**DATA SECTION:**
* * * * * * * * *

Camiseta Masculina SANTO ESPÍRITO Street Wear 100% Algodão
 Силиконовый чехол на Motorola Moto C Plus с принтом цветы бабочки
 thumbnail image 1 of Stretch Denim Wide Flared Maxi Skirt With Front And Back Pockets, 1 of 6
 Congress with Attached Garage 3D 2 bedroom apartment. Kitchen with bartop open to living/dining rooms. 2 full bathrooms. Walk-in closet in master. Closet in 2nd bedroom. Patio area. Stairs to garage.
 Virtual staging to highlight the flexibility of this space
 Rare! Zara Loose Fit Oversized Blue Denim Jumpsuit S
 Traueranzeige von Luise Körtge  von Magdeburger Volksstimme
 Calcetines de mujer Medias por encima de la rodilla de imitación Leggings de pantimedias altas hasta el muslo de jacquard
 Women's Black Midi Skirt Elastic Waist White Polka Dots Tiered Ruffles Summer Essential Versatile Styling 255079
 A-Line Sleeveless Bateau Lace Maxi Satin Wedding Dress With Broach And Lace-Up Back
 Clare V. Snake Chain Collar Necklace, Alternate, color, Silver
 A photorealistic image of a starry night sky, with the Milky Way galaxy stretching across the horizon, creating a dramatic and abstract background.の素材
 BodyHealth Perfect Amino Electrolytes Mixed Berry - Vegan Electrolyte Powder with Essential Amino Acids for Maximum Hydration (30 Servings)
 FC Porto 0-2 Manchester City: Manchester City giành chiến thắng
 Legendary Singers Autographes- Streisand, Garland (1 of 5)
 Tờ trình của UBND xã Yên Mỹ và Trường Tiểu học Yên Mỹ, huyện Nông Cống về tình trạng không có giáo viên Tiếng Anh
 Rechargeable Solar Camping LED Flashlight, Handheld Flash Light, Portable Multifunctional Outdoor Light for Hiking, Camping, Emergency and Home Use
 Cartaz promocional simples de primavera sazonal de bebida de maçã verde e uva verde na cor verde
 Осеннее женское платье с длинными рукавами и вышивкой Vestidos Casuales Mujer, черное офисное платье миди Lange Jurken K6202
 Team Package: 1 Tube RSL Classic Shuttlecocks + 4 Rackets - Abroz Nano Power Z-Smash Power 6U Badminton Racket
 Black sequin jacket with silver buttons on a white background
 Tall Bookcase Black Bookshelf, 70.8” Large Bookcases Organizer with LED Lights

* * * * * * * * *

**WORK REQUEST:** What you return must match the records exactly, line for line.

**EXERCISE RESPONSE:**
Camiseta Masculina SANTO ESPÍRITO Street Wear 100% Algodão
 Силиконовый чехол на Motorola Moto C Plus с принтом цветы бабочки
 thumbnail image 1 of Stretch Denim Wide Flared Maxi Skirt With Front And Back Pockets, 1 of 6
 Congress with Attached Garage 3D 2 bedroom apartment. Kitchen with bartop open to living/dining rooms. 2 full bathrooms. Walk-in closet in master. Closet in 2nd bedroom. Patio area. Stairs to garage.
 Virtual staging to highlight the flexibility of this space
 Rare! Zara Loose Fit Oversized Blue Denim Jumpsuit S
 Traueranzeige von Luise Körtge  von Magdeburger Volksstimme
 Calcetines de mujer Medias por encima de la rodilla de imitación Leggings de pantimedias altas hasta el muslo de jacquard
 Women's Black Midi Skirt Elastic Waist White Polka Dots Tiered Ruffles Summer Essential Versatile Styling 255079
 A-Line Sleeveless Bateau Lace Maxi Satin Wedding Dress With Broach And Lace-Up Back
 Clare V. Snake Chain Collar Necklace, Alternate, color, Silver
 A photorealistic image of a starry night sky, with the Milky Way galaxy stretching across the horizon, creating a dramatic and abstract background.の素材
 BodyHealth Perfect Amino Electrolytes Mixed Berry - Vegan Electrolyte Powder with Essential Amino Acids for Maximum Hydration (30 Servings)
 FC Porto 0-2 Manchester City: Manchester City giành chiến thắng
 Legendary Singers Autographes- Streisand, Garland (1 of 5)
 Tờ trình của UBND xã Yên Mỹ và Trường Tiểu học Yên Mỹ, huyện Nông Cống về tình trạng không có giáo viên Tiếng Anh
 Rechargeable Solar Camping LED Flashlight, Handheld Flash Light, Portable Multifunctional Outdoor Light for Hiking, Camping, Emergency and Home Use
 Cartaz promocional simples de primavera sazonal de bebida de maçã verde e uva verde na cor verde
 Осеннее женское платье с длинными рукавами и вышивкой Vestidos Casuales Mujer, черное офисное платье миди Lange Jurken K6202
 Team Package: 1 Tube RSL Classic Shuttlecocks + 4 Rackets - Abroz Nano Power Z-Smash Power 6U Badminton Racket
 Black sequin jacket with silver buttons on a white background
 Tall Bookcase Black Bookshelf, 70.8” Large Bookcases Organizer with LED Lights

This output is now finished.